Items that the application has determined to contain encrypted content.

Obtain the password for the file, apply the password to the file, and reprocess or replace the file in Nuix Discover.

Or use a password-cracking software or consulting solution to obtain a decrypted copy of the file, and then reprocess or replace the file in Nuix Discover.

Note: Reprocessing applies only to container documents.

Export Failed

Items flagged by the application as "poison" files,

OR items of MIME types application/vnd.ms-outlook-activity, application/vnd.ms-outlook-journal or application/vnd.ms-outlook-task that the application was unable to write to a native file,

OR items where no binary data is available to create a native file.

No further action.

Note: This is just an informational flag.

Export Slipsheet

No longer used.

No further action.

Extracted Text Only

If Ingestions is unable to obtain a native file for a document, and extracted text is available, the text is used in lieu of the native file. This exception is coded if the text is used.

No further action.

Field Data Extraction Error

This indicates an issue with extracting data from the application for a specific value. If this is coded, additional detail is in the [RT] Ingestion Exception Detail field.

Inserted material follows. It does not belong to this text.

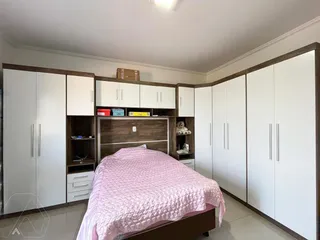 Casa com 3 dormitórios, foto 7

No resolution. Refer to the [RT] Ingestion Exception Detail field.

Field Data Truncated

This indicates data that was too long for the target field. The field and the entire value are found in the [RT] Ingestion Exception Detail field.

No resolution. Refer to the [RT] Ingestion Exception Detail field.

File copy failed

The file for this document could not be copied to Nuix Discover.

Note: Nuix Discover no longer codes “File Copy Failed”. If the job fails, that is reported in the job itself. The user can click the Retry Job button on the Properties page for the ingestion and try to copy the file again.

Inaccessible Content

Items with the common name of "Inaccessible Content" from the supported file types list.

No further action.

Note: This is just an informational flag.

License Restricted

Nuix license restricted flag. This applies if the Nuix license does not cover processing of a certain file type.

Contact Nuix for licensing options.

Missing Hash Value

Items that do not have an MD5 Hash value.

No further action.

Note: This indicates that the application was unable to obtain a hash value for a file, for example, for a file that was corrupt or inaccessible, or for a file with a 0 KB file size.

Multimedia

Items where the Kind = "Multimedia" from the supported file types list.

No further action.

Note: This is just an informational flag.

NIST Item

Items with an MD5 Hash value that matches an MD5 Hash value of a known file from the NSRL Reference Data Set, also referred to as the NIST list.

No further action.

Note: This is just an informational flag.

Non-Business Document

No longer used

No further action.

Non-Searchable PDF

Items determined to be a PDF but that do not contain any indexable text.

N/A - If the case option OCR documents without content files is selected, Optical Character Recognition (OCR) will be run on non-searchable PDF files.

Note: If you do not have this case option selected, you may want to OCR these documents.

Renamed Extension

Items where the true file extension determined by header analysis is different from the original file extension.

No further action.

Note: This is just an informational flag.

System File

Items where the Kind = "System File" from the supported file types list.

No further action.

Note: This is just an informational flag.

Text Stripped

Items where the application recognized the file type, but the text and metadata cannot be cleanly extracted. The result is an item that is searchable, but the text may be distorted or not properly formatted.

No further action.

Note: This is just an informational flag.

Unknown Binary

Items where Document Kind = "Unrecognized" or items where the MIME type is application/octet-stream.

No further action.

Note: This is just an informational flag.